Nancy Chu reports on Rebecca Nie’s Heart Sutra in Sacred Futurism, an augmented reality installation of Buddhist art that uses unique GPU algorithms inspired by the complexity of life and our human experiences.

Video by Jiayue Ceculia Wu & Z.M. Nie. An excerpt of the final rendition of “Heart Sutra in Sacred Futurism.” Courtesy of the artist.
Heart Sutra in Sacred Futurism, an augmented reality installation of Buddhist art, debuted on October 10 at the Sankofa World Music Concert at Stanford University, an event co-sponsored by the Ho Center for Buddhist Studies. The installation, which was created by Stanford’s Buddhist chaplain-affiliate Rebecca Nie, is a futurist expression of the Heart Sutra, integrating chanting in Chinese, Korean, and Japanese. It was made in collaboration with the concert’s musical director Jiayue Cecilia Wu, an assistant professor at the University of Colorado’s College of Arts and Media, and featured musicians Scott L. Miller, Jane Rigler, and Chris Chafe. To prepare, the musicians rehearsed over several months through state-of-the-art network audio technologies, such as Jacktrip, to remotely compose, record, and produce the Heart Sutra music.
Rebecca Nie, who is also a video and algorithm artist, designed and developed unique GPU algorithms inspired by the complexity of life and our human experiences. She also made visual representations of Avalokiteshvara inspired by an early 12th century Bengali painting of the bodhisattva.

Image courtesy of the artist.
“Working with time-tested expressions of transcendental wisdom and universal compassion in this manner, we, as artists, hope to ignite the audience’s imagination to find a heartfelt sacredness that is intimately theirs and rooted in the increasingly technology-driven contemporary world,” Nie told Lion’s Roar.

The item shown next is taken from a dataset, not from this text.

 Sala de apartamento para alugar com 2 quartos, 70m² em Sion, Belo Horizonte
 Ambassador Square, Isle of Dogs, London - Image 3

According to the installation’s statement, Heart Sutra in Sacred Futurism draws upon the sacred expressive traditions in chanting, drumming, architecture, ink art, and figurative representations of the divine found throughout the Buddhist world. Meanwhile, the artists, who are classically trained in these traditions, intentionally transpose these time-tested expressions with algorithm-driven futurist visual dynamics and technology-packed acoustic techniques such as electronic music and surrounding sound.
The result of the multimedia collaboration is then video mapped onto Stanford University’s sacred historical monument, Memorial Church. Altogether, the augmented reality piece incorporates layers of complexity and symbolism. That is the message and metaphor of Sacred Futurism: we build a future not on an empty slate but by fully acknowledging the nuances of the past and carrying forward that which is life-giving.”
Rebecca Nie has a lifelong relationship to art. Her approach blends Western and contemporary influences with Eastern aesthetics and philosophy. Her studies in science (quantum optics and pure mathematics at the University of Toronto and applied physics at Stanford University) enable her to bring innovative technological approaches to her artistic creations. She is also an advisor to the Stanford Zen Society and a Zen master of the Korean Jogye order. For her, art and the Buddhist enlightenment experience are inseparable.
“When creating, I let go of my limited self to allow the lines, colors, and textures to come forth from a mystical center in my being, and I know that it is the space through which we are all connected,” said Nie.
“I trust this approach to express the universal awakened nature within every one of us.”